Too many people say "cross platform" when they really mean "Linux", IMO. Let's take OpenGL again. Cross platform? No way. Mobile devices use OpenGL ES - quite different. The PS3 can use a variant of OpenGL ES too but you'd be mad to use it. OS X doesn't get OpenGL support at the same pace as the main spec is updated, tending to lag several versions behind. Even on PC, Intel and AMD/ATI graphics hardware are known trouble spots. Not so cross platform now.

So targetting your end result at what seems reasonable to you is the best way to go.


Hence my mention of SDL. It handles input, networking, an event loop, and sound. And file I/O and memory management is supported in just standard C++ alone. I personally don't see any reason why you'd ever want to use a library that wasn't cross platform, there's no need.
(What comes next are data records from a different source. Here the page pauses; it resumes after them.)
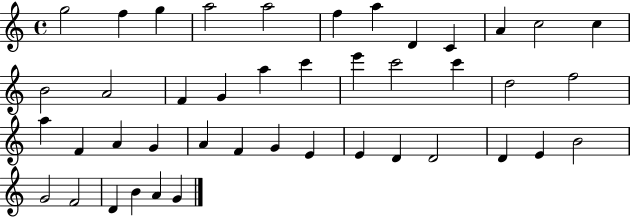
X:1
T:Untitled
M:4/4
L:1/4
K:C
g2 f g a2 a2 f a D C A c2 c B2 A2 F G a c' e' c'2 c' d2 f2 a F A G A F G E E D D2 D E B2 G2 F2 D B A G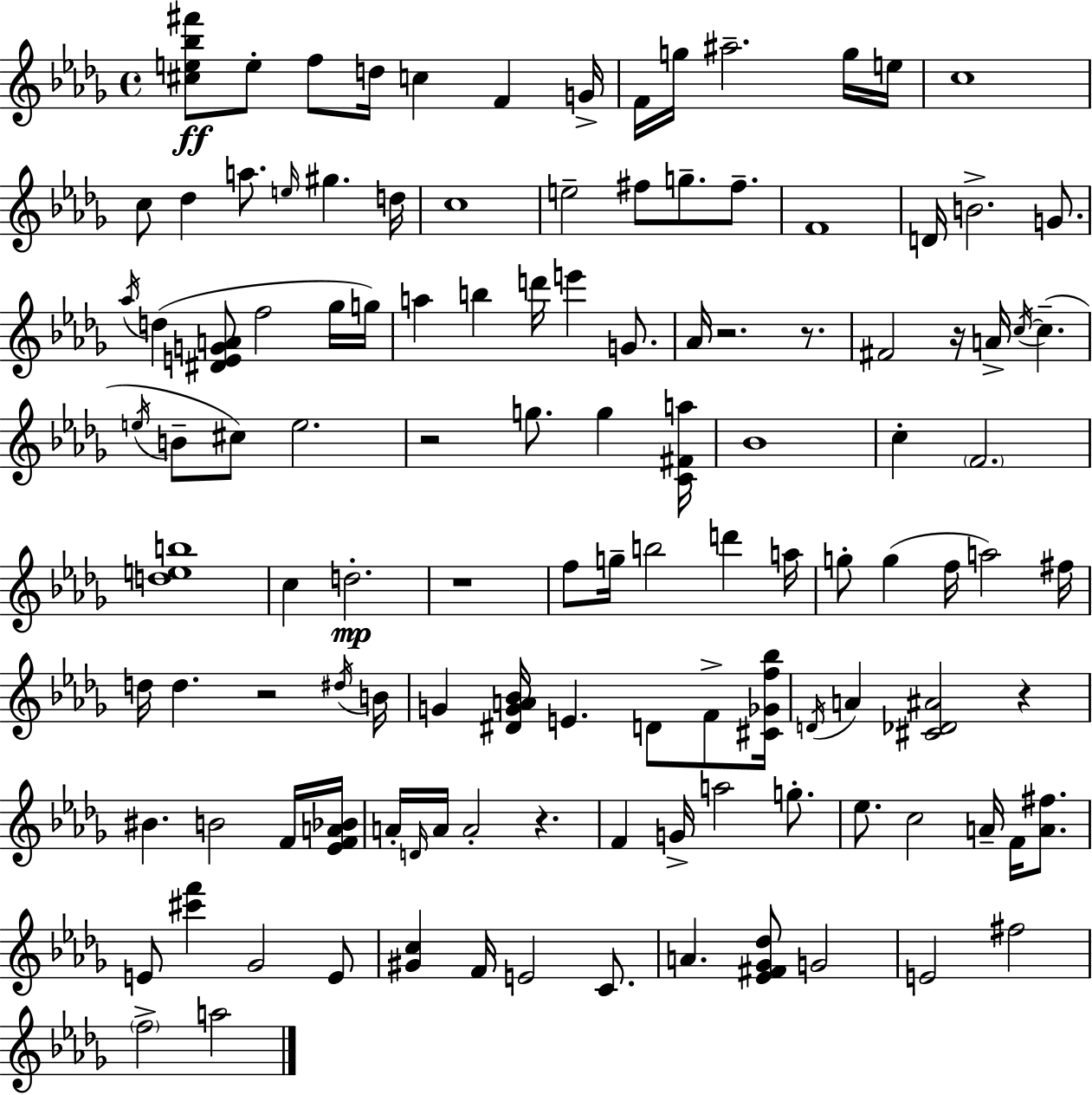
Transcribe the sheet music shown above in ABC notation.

X:1
T:Untitled
M:4/4
L:1/4
K:Bbm
[^ce_b^f']/2 e/2 f/2 d/4 c F G/4 F/4 g/4 ^a2 g/4 e/4 c4 c/2 _d a/2 e/4 ^g d/4 c4 e2 ^f/2 g/2 ^f/2 F4 D/4 B2 G/2 _a/4 d [^DEGA]/2 f2 _g/4 g/4 a b d'/4 e' G/2 _A/4 z2 z/2 ^F2 z/4 A/4 c/4 c e/4 B/2 ^c/2 e2 z2 g/2 g [C^Fa]/4 _B4 c F2 [deb]4 c d2 z4 f/2 g/4 b2 d' a/4 g/2 g f/4 a2 ^f/4 d/4 d z2 ^d/4 B/4 G [^DGA_B]/4 E D/2 F/2 [^C_Gf_b]/4 D/4 A [^C_D^A]2 z ^B B2 F/4 [_EFA_B]/4 A/4 D/4 A/4 A2 z F G/4 a2 g/2 _e/2 c2 A/4 F/4 [A^f]/2 E/2 [^c'f'] _G2 E/2 [^Gc] F/4 E2 C/2 A [_E^F_G_d]/2 G2 E2 ^f2 f2 a2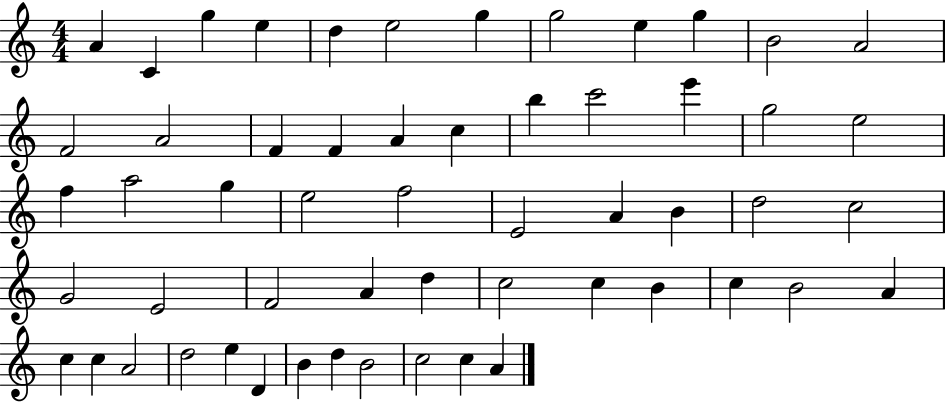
A4/q C4/q G5/q E5/q D5/q E5/h G5/q G5/h E5/q G5/q B4/h A4/h F4/h A4/h F4/q F4/q A4/q C5/q B5/q C6/h E6/q G5/h E5/h F5/q A5/h G5/q E5/h F5/h E4/h A4/q B4/q D5/h C5/h G4/h E4/h F4/h A4/q D5/q C5/h C5/q B4/q C5/q B4/h A4/q C5/q C5/q A4/h D5/h E5/q D4/q B4/q D5/q B4/h C5/h C5/q A4/q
A sorry reality is that Windows has what are probably by far the best memory management APIs on the planet. Once you've been exposed to what HeapAlloc and VirtualAlloc can really do, the standard library routines come across as shockingly primitive and inflexible by comparison. VirtualAlloc in particular is great for loading game levels, especially as you can just toss away the memory between level transitions and not have to worry about tracking individual allocations, leaks, or any of that other painful stuff.